# Killer Truck and Plow set ups!!!



## NorwayAuto&Plow (Aug 5, 2008)

Dispite the differenses ive had with some of the other members of this site, i would still like to be on here. My apologies to everyone. 

This thread is started for members to post up some kick A$$ truck and plow packages that they have.

GOT A SICK TRUCK AND PLOW SET UP????? 

POST IT!!!

p.s. especially the homesteaders because i havn't heard much about them yet on this site. xysport


----------



## grandview (Oct 9, 2005)

NorwayAuto&Plow;570842 said:


> Dispite the differenses ive had with some of the other members of this site, i would still like to be on here. My apologies to everyone.
> 
> This thread is started for members to post up some kick A$$ truck and plow packages that they have.
> 
> ...


OK you can stay ,but we don't want the Chinese!


----------



## basher (Nov 13, 2004)

NorwayAuto&Plow;570842 said:


> p.s. especially the homesteaders because i havn't heard much about them yet on this site. xysport


Try the non-commercial threads



Grandveiw said:


> OK you can stay ,but we don't want the Chinese!


And I have these 15....uh...10 commandments.

Want to start a thread for Mel Brooks Lines?


----------



## 06HD BOSS (Nov 28, 2005)

does it have to be a fisher? got a pic of my girlfriends uncles 550 with 9' MC. not really killer though


----------



## NorwayAuto&Plow (Aug 5, 2008)

Nah.... Just as long as there isn't big holes in the blade and more rust than metal.


----------



## 06HD BOSS (Nov 28, 2005)

well heres the 550. nothing killer


----------



## JD Dave (Mar 20, 2007)

06HD BOSS;570861 said:


> well heres the 550. nothing killer


I think that's pretty killer.


----------



## 06HD BOSS (Nov 28, 2005)

you always say the nicest things dave


----------



## NorwayAuto&Plow (Aug 5, 2008)

I'm with dave! Its pritty sick.
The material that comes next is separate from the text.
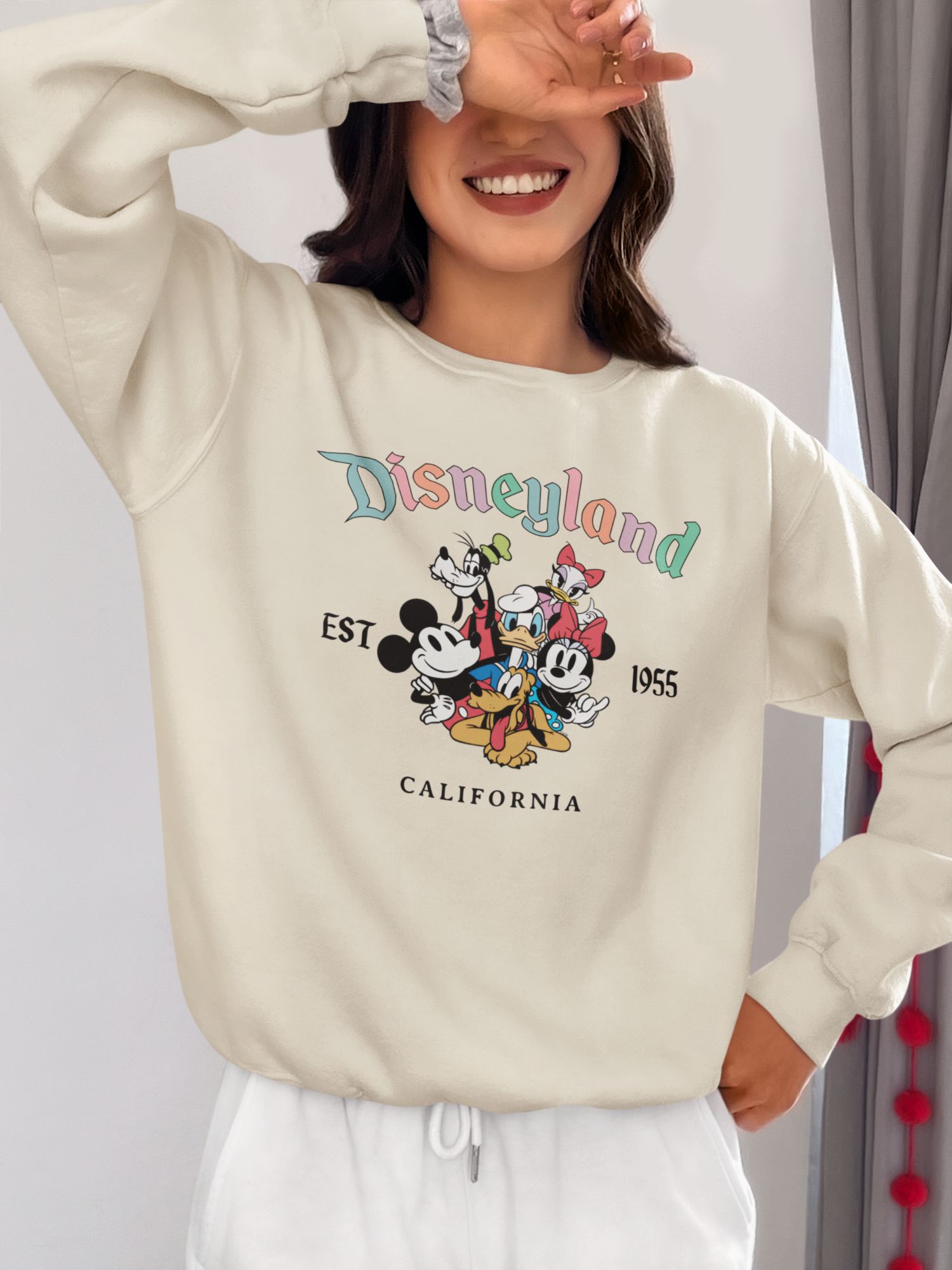Disneyland California Sweatshirt With Mickey & Friends Graphic Print — front view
The only thing that would make that a killer plow would be a new splatter and MM2 emblem. 

Nice truck man.


----------



## 06HD BOSS (Nov 28, 2005)

NorwayAuto&Plow;570874 said:


> I'm with dave! Its pritty sick. The only thing that would make that a killer plow would be a new splatter and MM2 emblem.
> 
> Nice truck man.


got any spares laying around? 

we did the install ourselves last year


----------



## Jak (Jan 10, 2008)

Not sure if this would fall under kick a$$ or not but here's my truck and the winter before I got my plow.


----------



## 06HD BOSS (Nov 28, 2005)

Jak;570905 said:


> Not sure if this would fall under kick a$$ or not but here's my truck and the winter before I got my plow.
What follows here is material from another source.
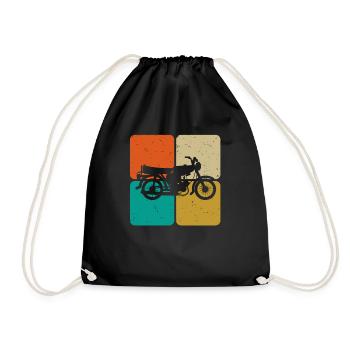 Conception de cadeau de voiture classique Simson Moped S51 - Sac de sport léger - noir - Devant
lol that happened to a lot of us. bought the plow and it never snowed again lol


----------



## grandview (Oct 9, 2005)

Where in NY are you from Jak?


----------



## tls22 (Sep 30, 2007)

My Bosses 3 trucks and my truck on the right!


----------



## Mike_PS (Feb 28, 2005)

well, since this is for all plow set-up's I figured it was better to move to the pics forum :waving:


----------



## Jak (Jan 10, 2008)

Just outside of the town of Clinton NY. I took that pic in the spring before I put the plow away for the summer. We had some snow last winter, not a lot, but enough for me, a first timer to get a feel for how the plow works. And I surprised myself, first time plower? and didn't scalp any of the four neighbors lawns that I plowed for.



grandview;570909 said:


> Where in NY are you from Jak?


----------



## bigearl (Jun 11, 2007)

Jak;570930 said:


> Just outside of the town of Clinton NY. I took that pic in the spring before I put the plow away for the summer. We had some snow last winter, not a lot, but enough for me, a first timer to get a feel for how the plow works. And I surprised myself, first time plower? and didn't scalp any of the four neighbors lawns that I plowed for.
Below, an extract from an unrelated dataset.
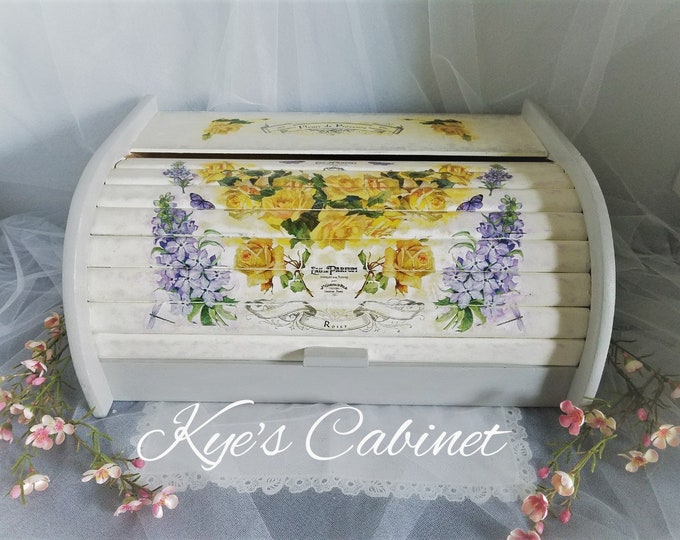 Hand Painted Wooden Bread Box yellow Roses and Lavenders, French Style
Kirkland? Deansboro? Franklinville?


----------



## Idealtim (Jan 15, 2006)

Can anyone spot the trip spring in post 6?


----------



## farmerkev (Dec 7, 2007)

Idealtim;570957 said:


> Can anyone spot the trip spring in post 6?


 I didnt get it, after staring at the pic for a minute, I finally got it!xysport

Id take that 550 anyday.


----------



## 06HD BOSS (Nov 28, 2005)

farmerkev;570960 said:


> Id take that 550 anyday.


I would've too. except its been in the shop more times than i can count.


----------



## farmerkev (Dec 7, 2007)

06HD BOSS;570961 said:


> I would've too. except its been in the shop more times than i can count.


Guess it just needs a better operator.

And thats where I come in!

Oh wait, I cant plow for another winter! :crying:

Guess I get to keep making pointless posts on random threads for ONE MORE YEAR!


----------



## NorwayAuto&Plow (Aug 5, 2008)

06HD BOSS;570881 said:


> got any spares laying around?
> 
> we did the install ourselves last year


Not yet but i'm restoring two fishers myself so im ordering five more splatters this week and maybe some MM2 emblems. Where are you from?


----------



## toby4492 (Dec 28, 2005)

I think this set up is pretty killer looking.


----------



## EaTmYtAiLpIpEs (Aug 23, 2007)

06HD BOSS;570861 said:


> well heres the 550. nothing killer


wow man your gf's father made a good decision. why couldnt you have done that??? you go out and buy a chebby. sad  lol
here is a killer plow truck


----------



## LawnProLandscapes (Nov 15, 2007)

toby4492;571014 said:


> I think this set up is pretty killer looking.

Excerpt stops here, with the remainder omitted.